> [EXERCISE GOAL]: Locate the line containing "New Collection Prada Bag 153" in the material below. Copy that line and all following lines through the end exactly, omitting any pictures.

> [DATA]:
--
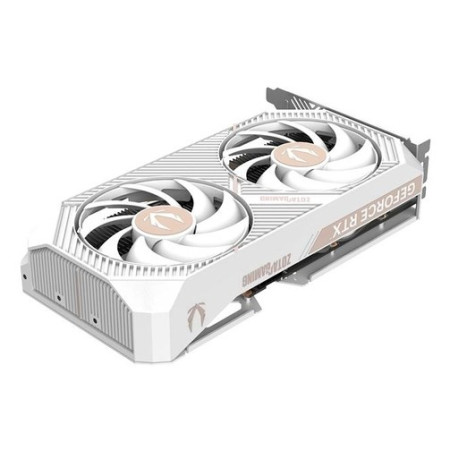 ZOTAC GAMING GeForce RTX 5060 Twin Edge OC White Edition 8 GB GDDR7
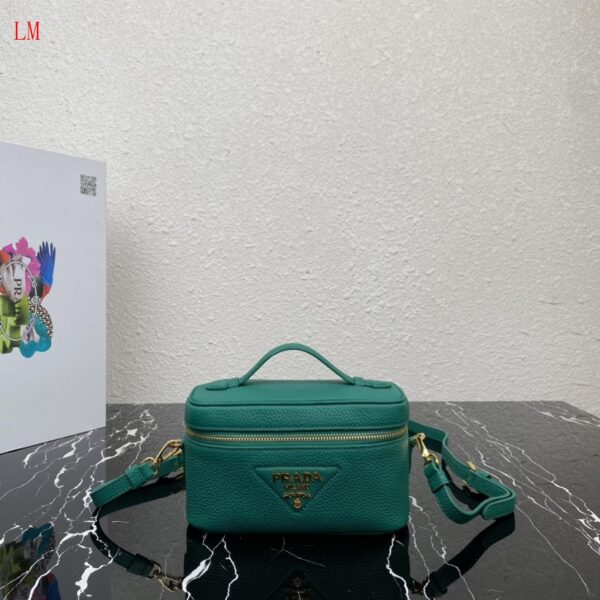 New Collection Prada Bag 153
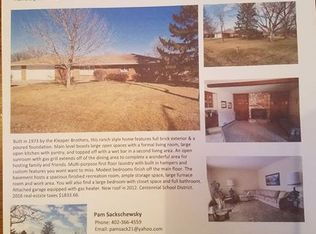 403 Gordon St, Waco, NE 68460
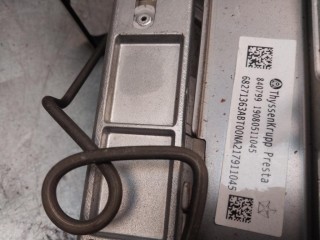 Рулевая колонка, ориг. номер 68271363AB, Dodge Durango 3 поколение [рестайлинг] 2013-2020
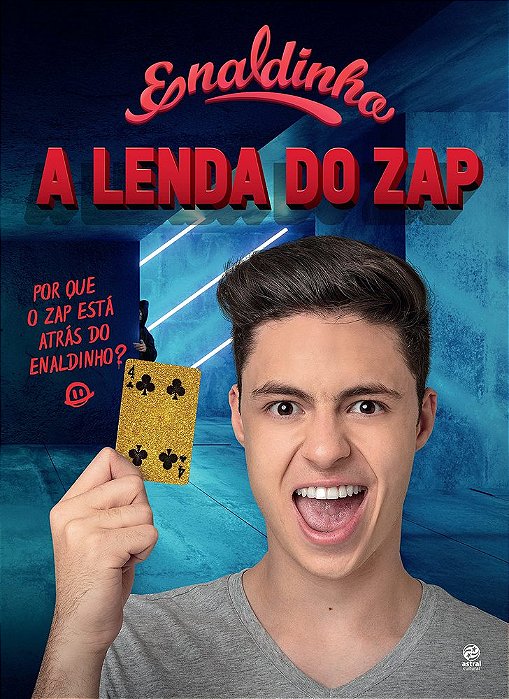 Enaldinho - A Lenda Do Zap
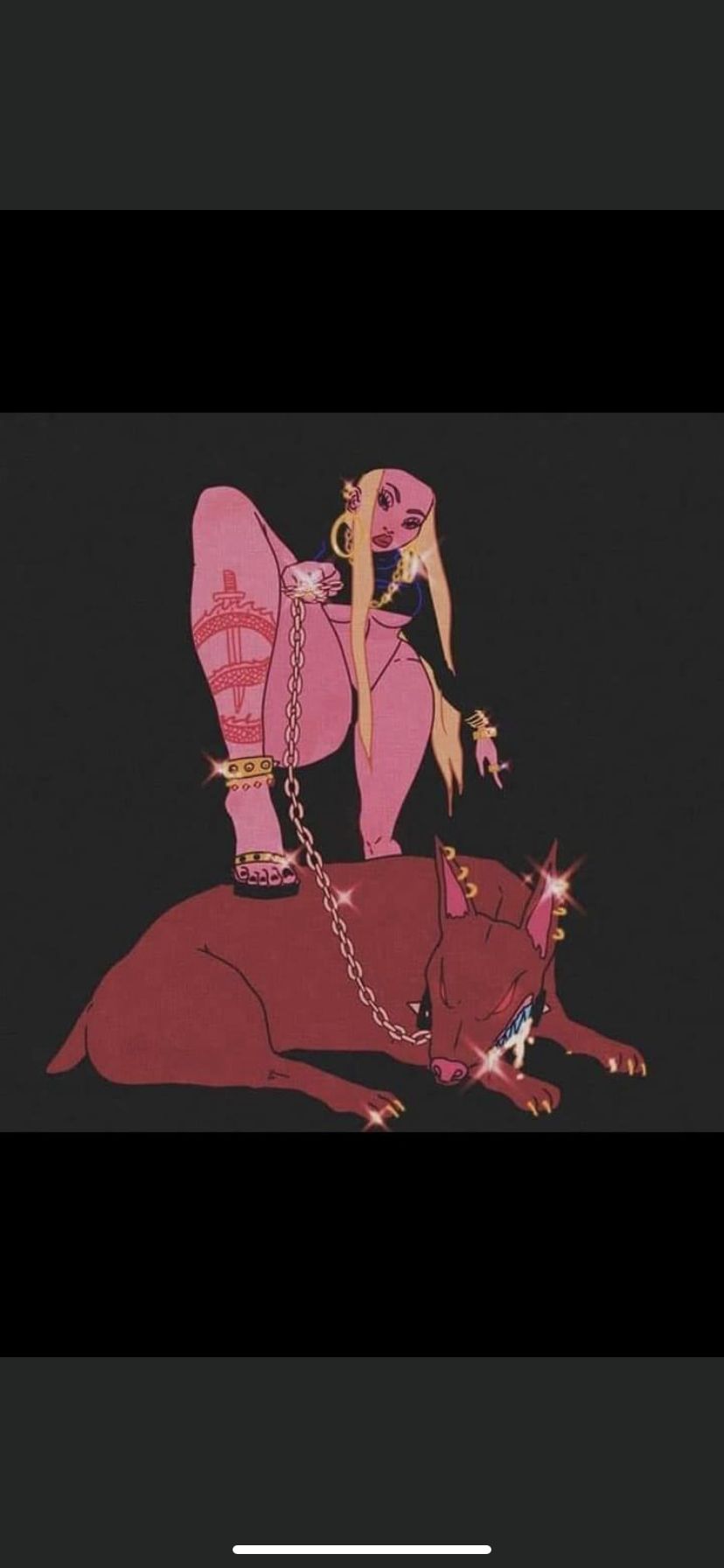 bustysilk OnlyFans profile picture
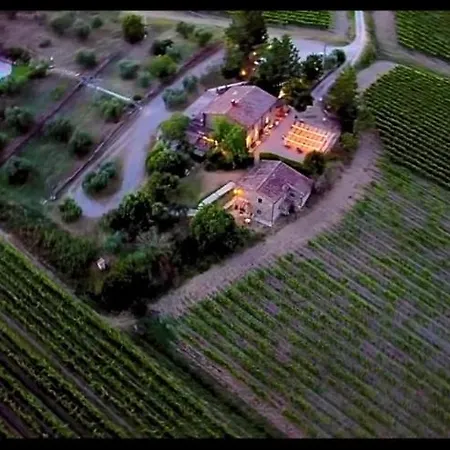 Locanda Podere Le Vigne-2
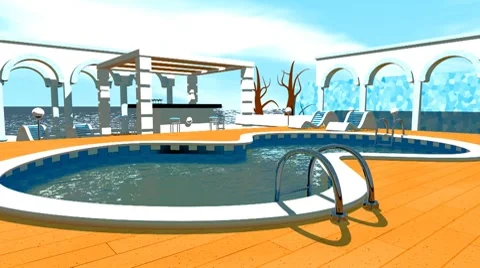 Summer Holidays (HD) Видео 7280752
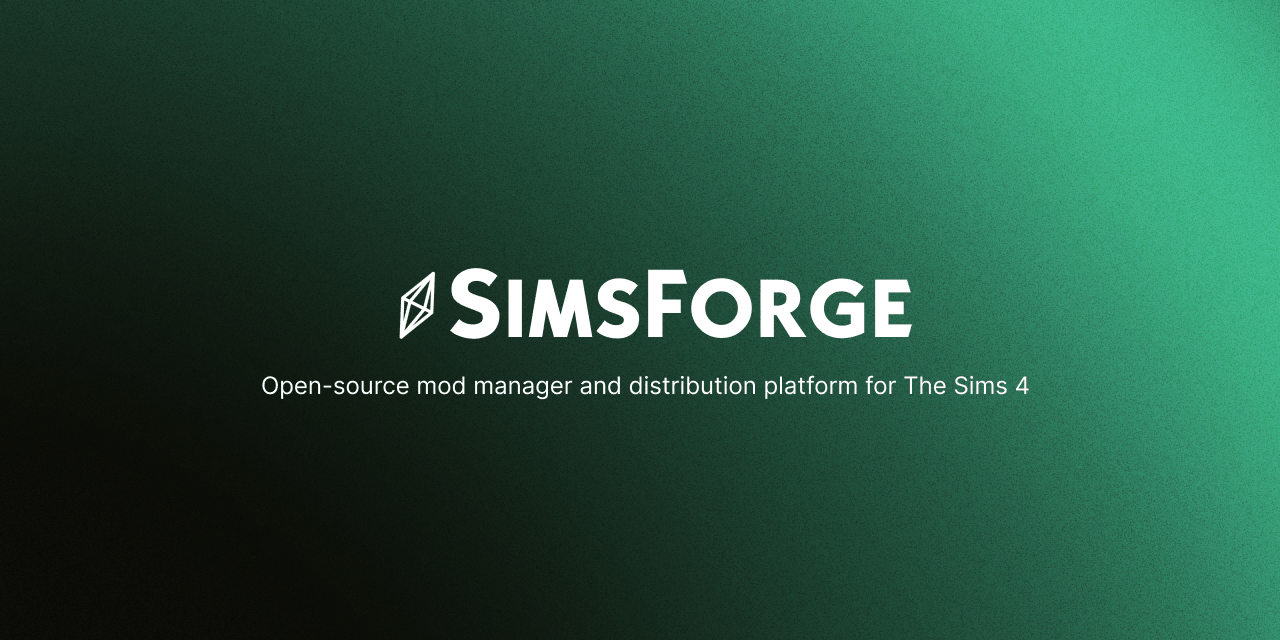 simsforge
--
> [EXERCISE RESPONSE]:
 New Collection Prada Bag 153
 403 Gordon St, Waco, NE 68460
 Рулевая колонка, ориг. номер 68271363AB, Dodge Durango 3 поколение [рестайлинг] 2013-2020
 Enaldinho - A Lenda Do Zap
 bustysilk OnlyFans profile picture
 Locanda Podere Le Vigne-2
 Summer Holidays (HD) Видео 7280752
 simsforge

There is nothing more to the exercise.